Für das Projekt waren 2020 mehr als zwei Millionen Euro Kosten veranschlagt worden. Immerhin 70 Prozent übernahm das Bundesverkehrsministerium. Die Stadt beziffert die Kosten auf 1,8 Millionen Euro. Darin enthalten seien aber nicht nur die Tafeln selbst, sondern auch die Technik. Eine Tafel würde pro Stück 90.000 Euro kosten.
Fahrzeiten reagieren nicht auf Veränderungen
An den Feinheiten muss die Stadt jedoch noch arbeiten. „Aktuell ist die Anzeige der Fahrzeiten noch statisch“, sagt Frank Helling. Die Zeiten habe die Stadt mit einem eigenen Berechnungssystem ermittelt. Dieses nutzt 60 Erfassungsstellen im Stadtgebiet.

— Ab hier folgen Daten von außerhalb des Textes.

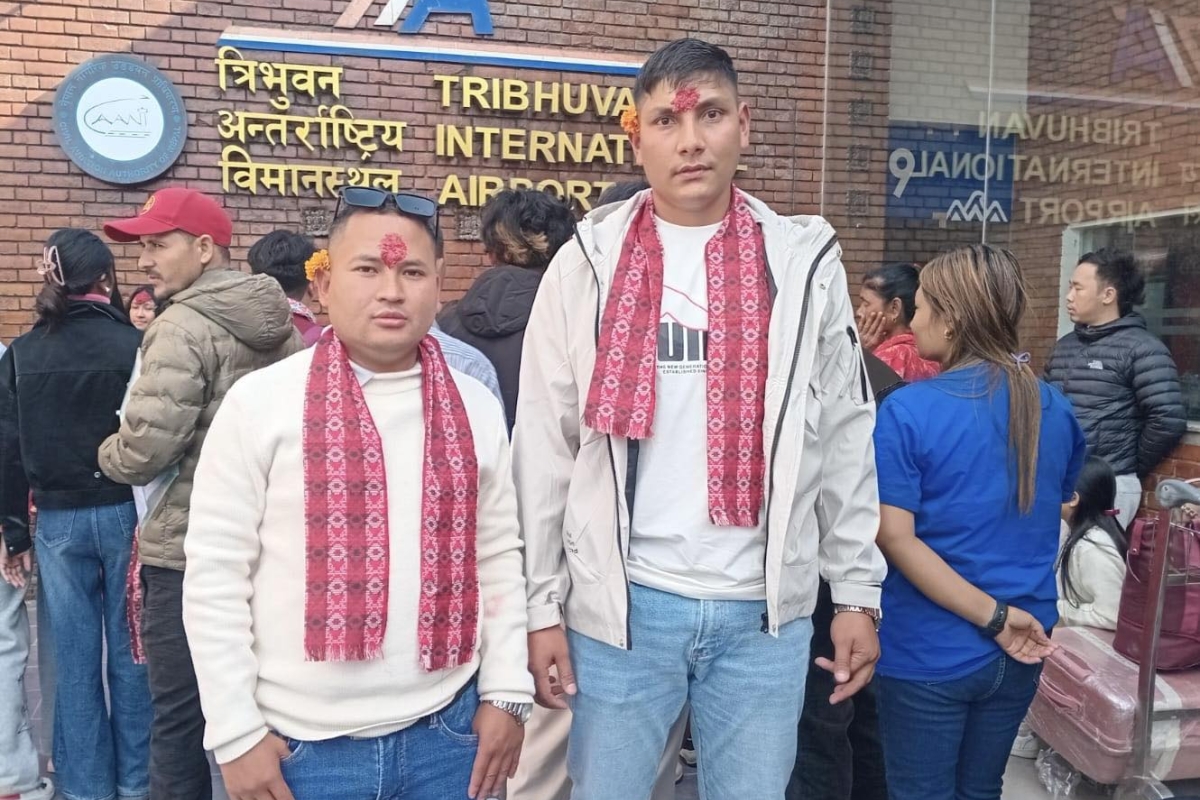 技能実習生2名が、本日より3年間、日本での研修を開始することをお知らせ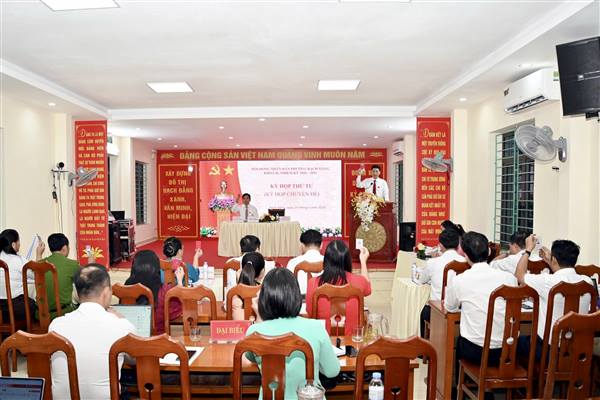 HĐND phường Bạch Đằng thông qua các Nghị quyết quan trọng về kiện toàn tổ chức bộ máy và sắp xếp Tổ dân phố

Auf spontane Veränderungen im Berufsverkehr und zu Stoßzeiten kann die Technik allerdings noch gar nicht reagieren. „Künftig ist eine dynamische Darstellung der Fahrzeiten geplant. Die Darstellungen werden aktuell erhoben und auf Genauigkeit geprüft und die Messeinrichtungen kalibriert“, gibt Helling an. Könnte also sein, dass eines fernen Tages weniger Lenkräder von wütenden Autofahrern zernagt werden. Weil sie dank der Infotafeln zumindest das Wissen haben, wie lange es wohl noch dauert, vorwärtszukommen.
Eine Sorge von Thomas Mäurer kann die Stadt womöglich nehmen. „Vor dem Hintergrund der allgemeinen Diskussionen über Lichtverschmutzung und Energieknappheit halte ich derartige Leuchttafeln, noch dazu mit solchen Fake-Informationen, für äußerst überflüssig und verzichtbar“, schreibt der frühere Oberhausener.

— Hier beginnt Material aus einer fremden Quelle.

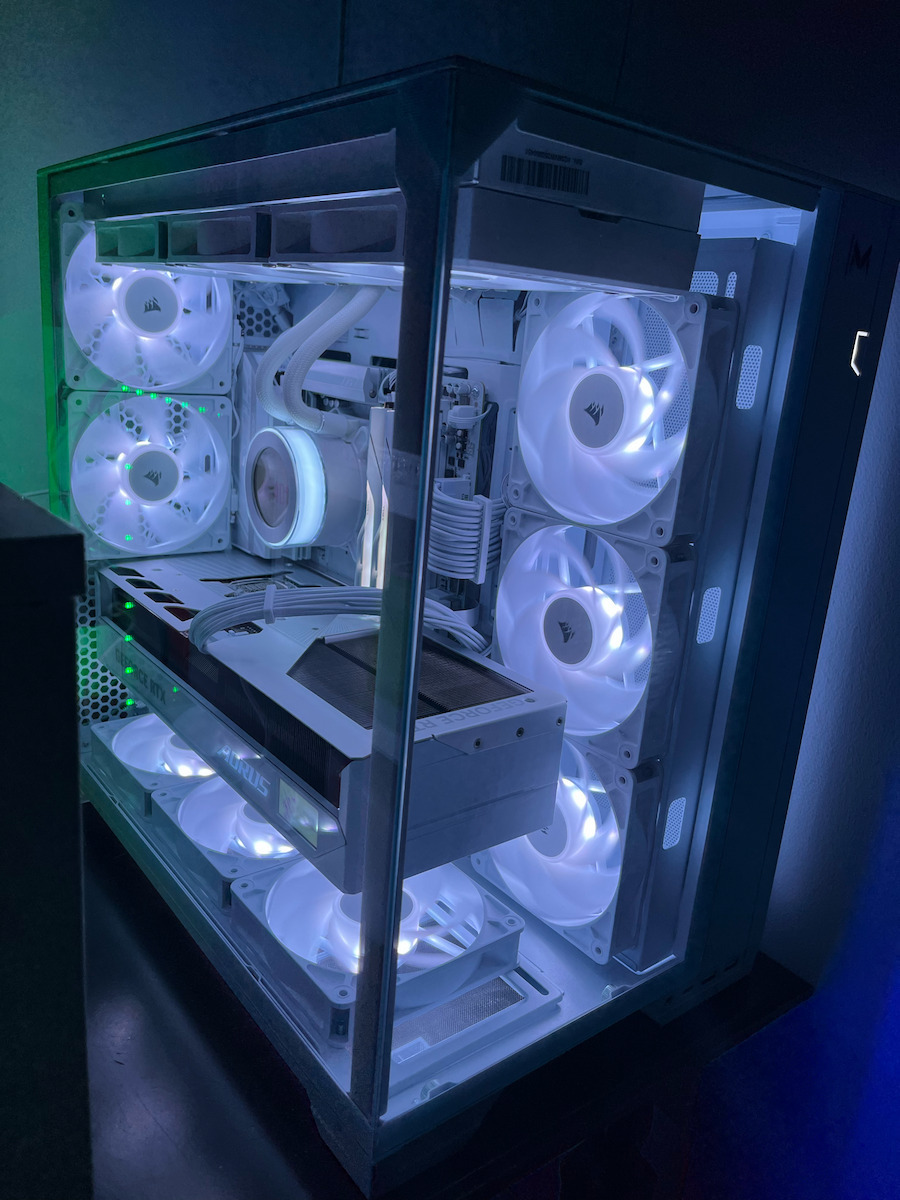 Gigabyte GeForce RTX 5080 16GB GDDR7 Master Ice Κάρτα Γραφικών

Stromkosten von 250 Euro im Jahr
Viel Strom fressen die Tafeln allerdings nicht. Aktuell entstehen nach Angaben der Stadt je nach Modell Stromkosten von 250 Euro. Aufgrund der Größe und des allgemeinen Nutzens für viele Verkehrsteilnehmer scheint das ein vertretbarer Preis zu sein. „Die IT-Infrastruktur sowie die Sensoren sind durch die Signaltechnik vorhanden, da die Infotafeln über die jeweils nächste lichtsignalgeregelte Kreuzung angeschlossen sind. Aus diesem Grund entstehen hierfür keine zusätzlichen Kosten.“
Noch besser wäre natürlich, wenn sie auch noch die korrekte Zeit anzeigen würden. Aber von einer perfekten Welt sind wir weit entfernt.